Ancestry masking can be done without leaving the object. In the ancestry-specific example below, ancestry=1 selects numeric ancestry code 1, which is labeled "ANC1" by ancestry_map.
snp_with_lai = snpobj.copy()
lai = rng.integers(0, 3, size=snp_with_lai.genotypes.shape, dtype=np.int8)
lai[11, :, :] = 0
lai[11, [0, 3, 4], :] = 1
snp_with_lai.calldata_lai = lai
snp_with_lai.ancestry_map = {"0": "ANC0", "1": "ANC1", "2": "ANC2"}
cohort_af, cohort_called = snp_with_lai.allele_freq(return_counts=True)
anc1_af, anc1_called = snp_with_lai.allele_freq(ancestry=1, return_counts=True)

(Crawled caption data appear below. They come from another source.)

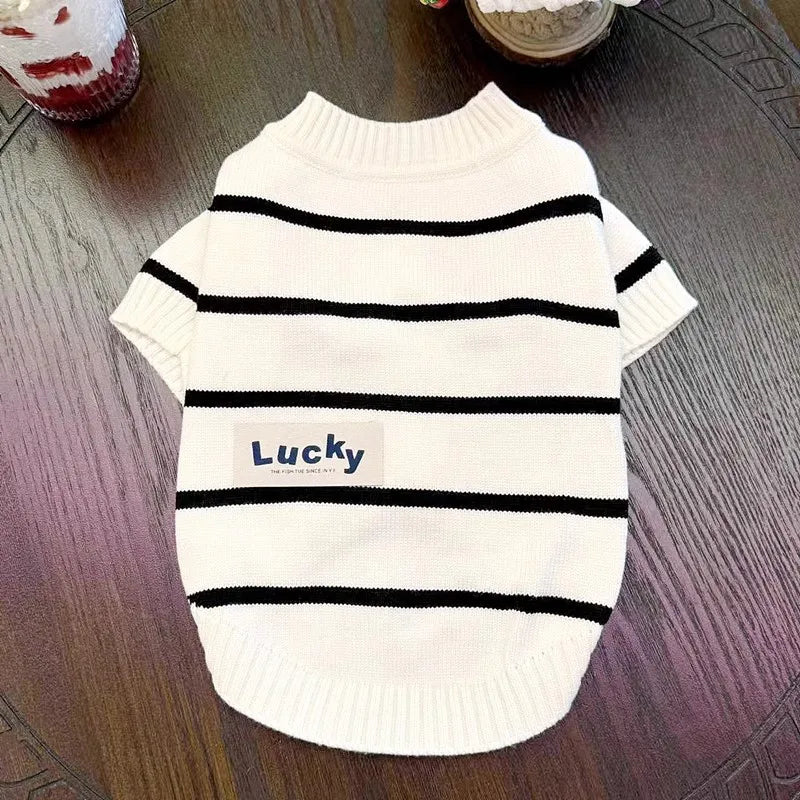 Dog Sweater for Small Dogs Luxury Dog Clothes Striped Pet Cardigan Knitted Coat Chihuahua Costume Bichon Clothing Puppy Jacket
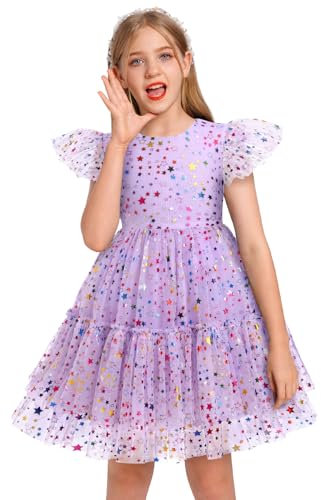 Odizli Vestito estivo da bambina con glitter arcobaleno a stella, linea ad A, abito in tulle, per cerimonie nuziali, abito corto, Lilla, 7-8 Anni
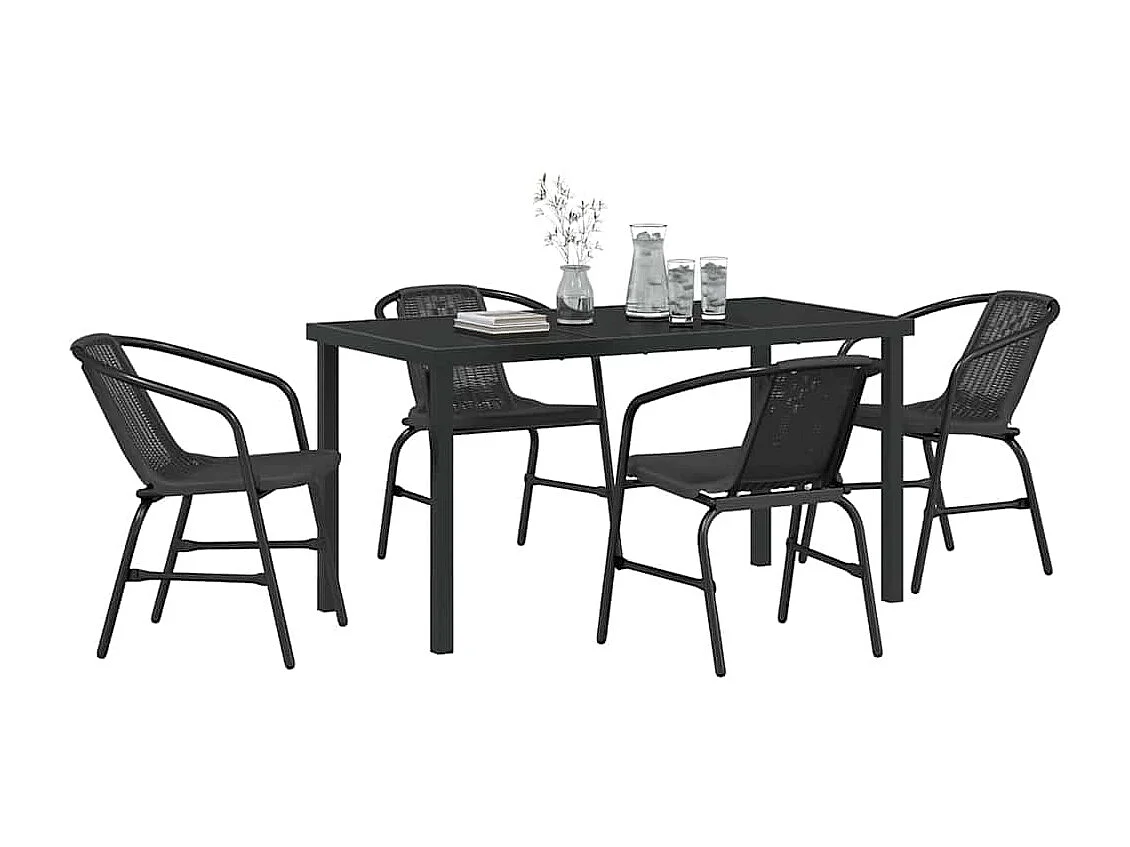 Set da pranzo da giardino in polyrattan nero da 5 pezzi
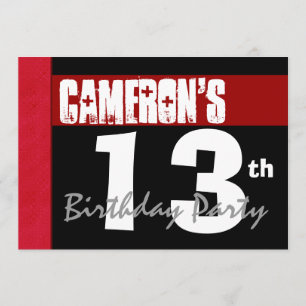 13th Birthday Modern For Him Red White Black G208 Invitation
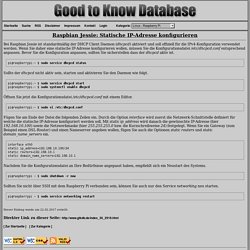 Raspbian Jessie: Statische IP-Adresse konfigurieren - Good to Know Database
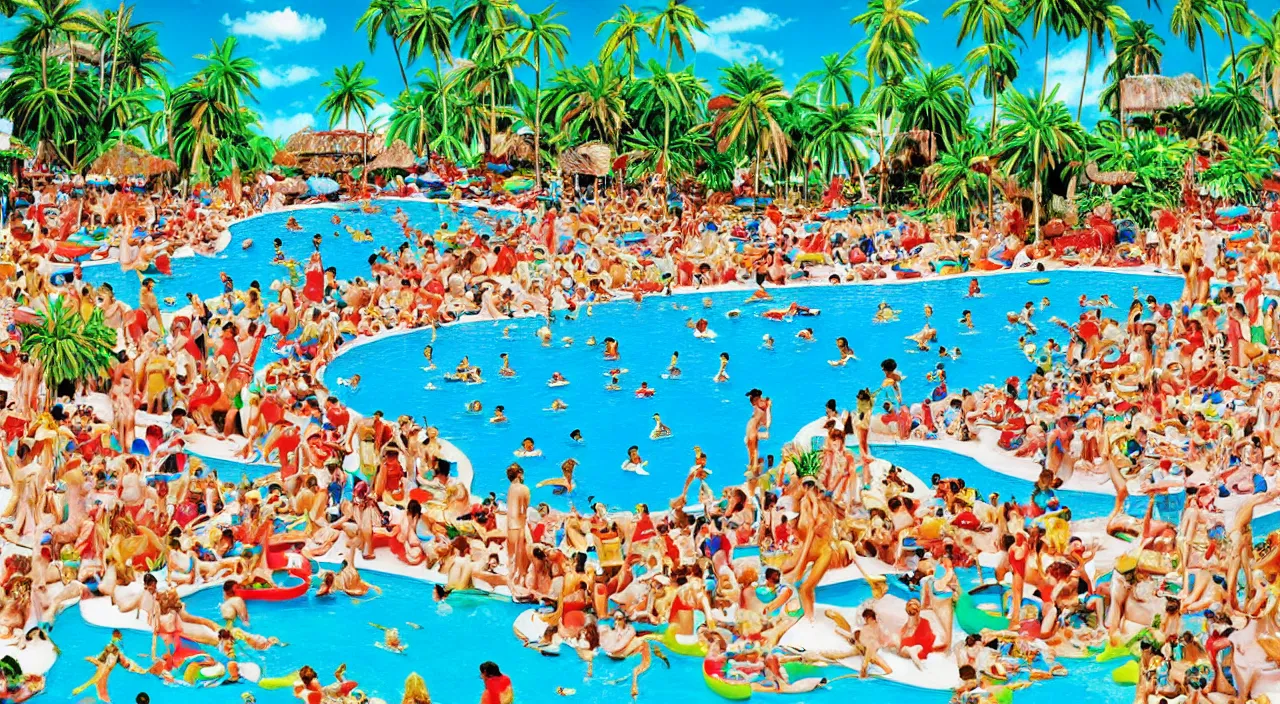 Prompt: where’s waldo, a beautiful day at a tropical pool,colorised,photograph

lai_summary = pd.DataFrame(
{
"variant": snp_with_lai.variants_id,
"cohort_af": cohort_af,
"cohort_called": cohort_called,
"ANC1_af": anc1_af,
"ANC1_called": anc1_called,
"abs_shift": np.abs(anc1_af - cohort_af),
}
)
lai_summary.sort_values("abs_shift", ascending=False).head(8).round(3)

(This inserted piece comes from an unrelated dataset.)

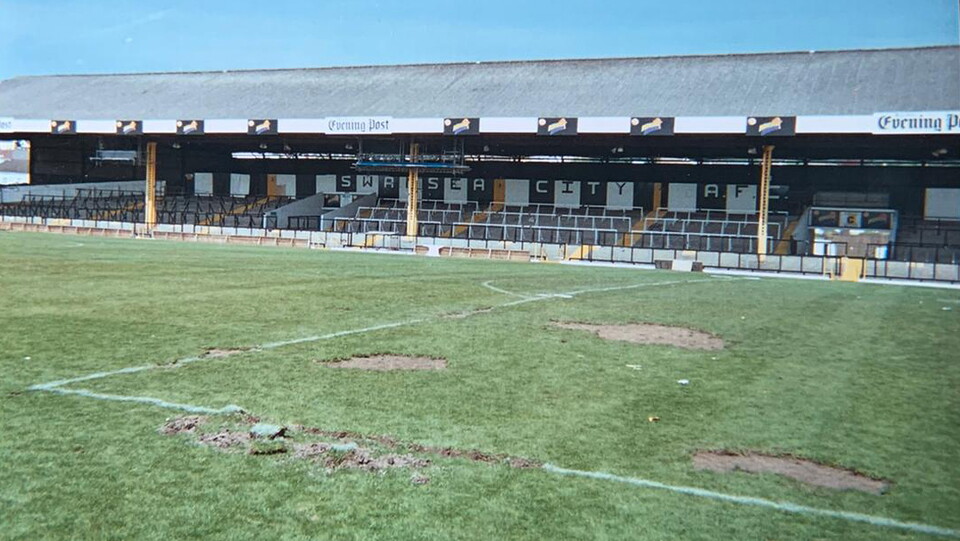 Clumps turf were taken from the Vetch Field pitch after the final match against Wrexham. Photo courtesy of Kristian O'Leary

| variant | cohort_af | cohort_called | ANC1_af | ANC1_called | abs_shift | |
|---|---|---|---|---|---|---|
| 11 | rs_obj_00012 | 0.375 | 16 | 1.000 | 6 | 0.625 |
| 7 | rs_obj_00008 | 0.667 | 12 | 1.000 | 4 | 0.333 |
| 13 | rs_obj_00014 | 0.312 | 16 | 0.000 | 3 | 0.312 |
| 16 | rs_obj_00017 | 0.500 | 16 | 0.800 | 5 | 0.300 |
| 17 | rs_obj_00018 | 0.312 | 16 | 0.500 | 6 | 0.188 |
| 3 | rs_obj_00004 | 0.688 | 16 | 0.857 | 7 | 0.170 |
| 5 | rs_obj_00006 | 0.750 | 12 | 0.600 | 5 | 0.150 |
| 9 | rs_obj_00010 | 0.125 | 16 | 0.000 | 3 | 0.125 |
Takeaways¶
SNPObjectis most useful when treated as an analysis container, not just a genotype array.Working on copies makes metadata edits and export transforms safer.
dosage()and missing-aware summed genotypes are the bridge from phased haplotypes to matrix-style downstream workflows.Filtering and sample reordering are easier to check when each step creates a clear new object.
Once metadata and LAI are attached, the same object can answer whole-cohort, group-level, and ancestry-masked questions.